Peeters' first-known painting, signed and dated 1607, reflects the technical and compositional skill of a trained artist. Her style suggests training in Antwerp, an early center of still-life specialization.

While most artists and apprentices were included in records of the local Guild of Saint Luke, no record of Peeters' has been found in Antwerp or centers of art in the Dutch Republic. Scholars speculate that she may have been the daughter of a painter, and thus not required to be included in the apprenticeship records.

Many scholars believe her work closely resembles that of Osias Beert and suggest she may have been his pupil. Beert began his career as a still-life painter when he became a master of the Antwerp guild in 1602. However, none of his works are dated, although some of the copper plates were stamped with dates from 1606 to 1609 by their supplier. She has also been linked to Antwerp artists Hans van Essen and Jan van der Beeck. Jan Bruegel the Elder has also been suggested as a possible teacher.

Although she was not in its records, at least one painting of Peeters bears the stamp of the Antwerp Guild on its back, indicating she may indeed have been a member, or at least worked on panels made by members of the Antwerp Guild.

==Work==

Peeters signed thirty-one works "CLARA PEETERS" or "CLARA P.", and dated many of them, which leaves a strong record of her work from 1607 to 1621. Eighteen of these were completed by the time she was eighteen years old. In addition, another seventy-six works are speculated to be in her oeuvre, although documentation is lacking to assign them affirmatively to Peeters. Several of her paintings, including two illustrated here, carry the signature represented as an engraved inscription on the side of the handle of the same decorated knife. The knife has two nude female figures on the main face of the handle that is visible, and is typical of the sort of "brides knife" (bruidmessen) Antwerp silversmiths produced around 1595–1600. These may represent a real knife owned by Peeters, or simply an imagined one. Her works were known for incorporating her self-portraits into the reflections or shiny surfaces of everyday objects, such as jugs, fruits and vegetables.

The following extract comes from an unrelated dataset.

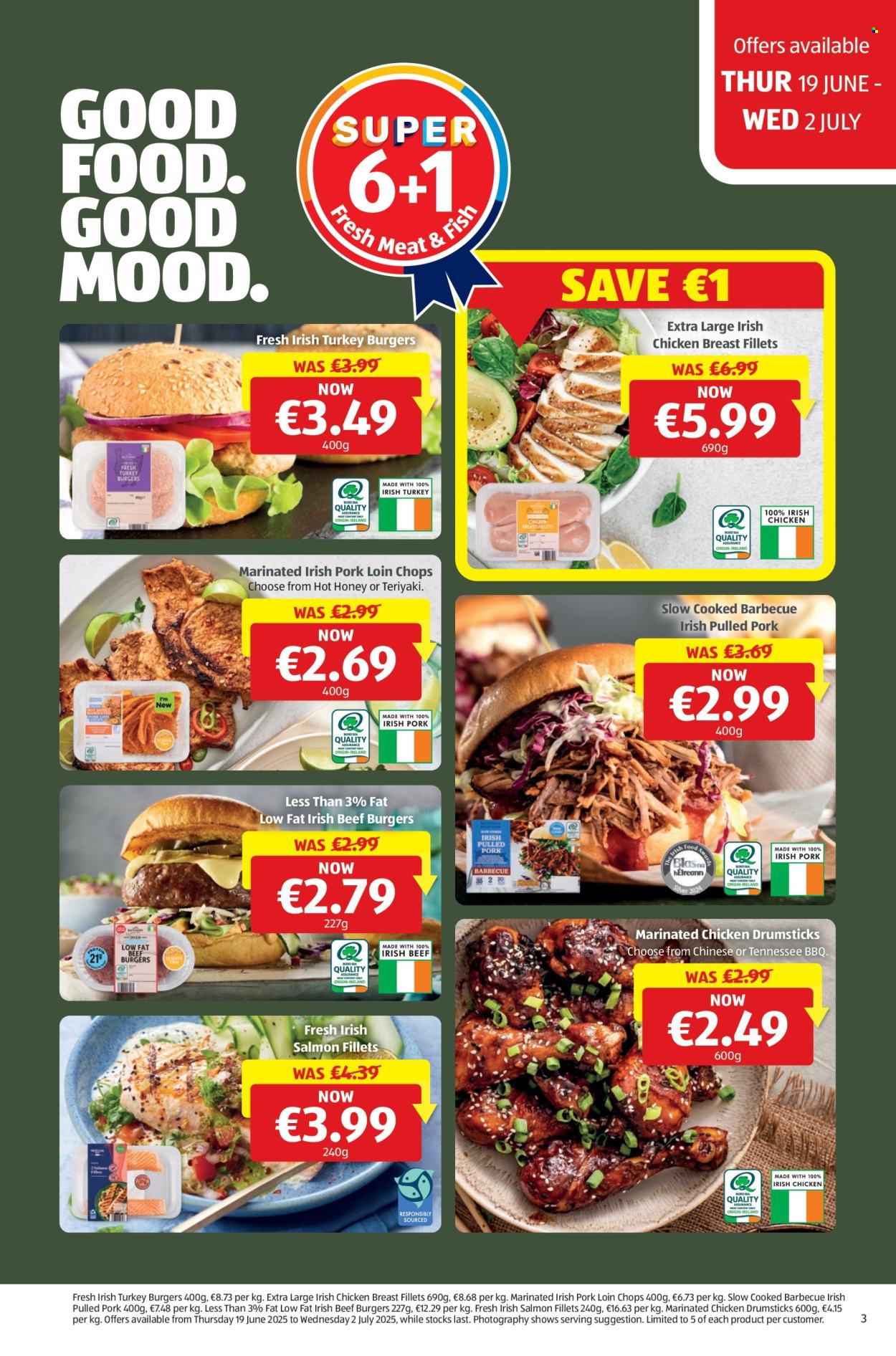 Aldi offer - 19.06.2025 - 22.06.2025. Page 3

Peeters was among the earliest specialist painters of still lifes and flowers, working while this genre was still emerging. Fewer than ten paintings of flowers and fewer than five of food produced in the Netherlands can be dated before 1608, when she painted her first recorded work. She painted a set of four larger than usual (all 50‒51 × 71‒73 cm) still lifes, three dated 1611, that were in the Spanish royal collection by the following century (now in the Prado). The set includes the earliest still-life of dead game birds, if Jacopo de' Barbari's famous Still-Life with Partridge and Gauntlets (1504, now Munich) from a very different tradition is excepted. The Prado group were split between Spanish palaces in the 18th century, with the earliest inventory record for any being in 1734, when one was rescued in the fire that destroyed the Royal Alcazar of Madrid. Her paintings of fish and game of 1611 appear well before other artists used similar subject matter.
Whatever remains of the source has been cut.